*Instructions for the task*
Below are the records; output them exactly from the first line through the line with "Bayou Classic 1175", stopping there.

.....

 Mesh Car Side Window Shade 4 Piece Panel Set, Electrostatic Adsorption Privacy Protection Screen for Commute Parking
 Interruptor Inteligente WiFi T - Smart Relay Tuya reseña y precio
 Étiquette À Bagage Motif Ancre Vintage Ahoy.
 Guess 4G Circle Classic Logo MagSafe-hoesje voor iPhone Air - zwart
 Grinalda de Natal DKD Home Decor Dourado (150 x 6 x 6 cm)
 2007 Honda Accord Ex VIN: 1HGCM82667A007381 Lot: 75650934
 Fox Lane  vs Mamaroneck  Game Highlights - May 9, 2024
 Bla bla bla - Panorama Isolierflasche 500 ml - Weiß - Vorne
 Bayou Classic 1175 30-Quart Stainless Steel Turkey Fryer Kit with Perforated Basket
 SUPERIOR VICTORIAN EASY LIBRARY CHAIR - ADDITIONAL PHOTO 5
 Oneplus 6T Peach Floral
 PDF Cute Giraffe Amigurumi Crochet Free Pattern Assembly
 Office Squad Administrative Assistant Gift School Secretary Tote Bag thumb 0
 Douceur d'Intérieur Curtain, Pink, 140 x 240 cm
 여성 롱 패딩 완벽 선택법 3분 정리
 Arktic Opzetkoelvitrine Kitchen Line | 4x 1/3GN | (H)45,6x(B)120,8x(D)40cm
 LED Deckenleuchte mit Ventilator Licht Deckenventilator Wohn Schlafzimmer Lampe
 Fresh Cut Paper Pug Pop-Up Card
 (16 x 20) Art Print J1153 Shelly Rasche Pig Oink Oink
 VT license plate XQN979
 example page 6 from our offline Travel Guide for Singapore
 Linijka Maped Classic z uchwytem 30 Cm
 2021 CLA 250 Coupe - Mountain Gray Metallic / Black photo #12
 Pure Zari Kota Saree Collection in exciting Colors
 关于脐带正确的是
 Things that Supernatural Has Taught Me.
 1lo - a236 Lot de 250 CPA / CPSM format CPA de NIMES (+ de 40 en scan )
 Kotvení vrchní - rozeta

.....

*Reply to the exercise*
 Mesh Car Side Window Shade 4 Piece Panel Set, Electrostatic Adsorption Privacy Protection Screen for Commute Parking
 Interruptor Inteligente WiFi T - Smart Relay Tuya reseña y precio
 Étiquette À Bagage Motif Ancre Vintage Ahoy.
 Guess 4G Circle Classic Logo MagSafe-hoesje voor iPhone Air - zwart
 Grinalda de Natal DKD Home Decor Dourado (150 x 6 x 6 cm)
 2007 Honda Accord Ex VIN: 1HGCM82667A007381 Lot: 75650934
 Fox Lane  vs Mamaroneck  Game Highlights - May 9, 2024
 Bla bla bla - Panorama Isolierflasche 500 ml - Weiß - Vorne
 Bayou Classic 1175 30-Quart Stainless Steel Turkey Fryer Kit with Perforated Basket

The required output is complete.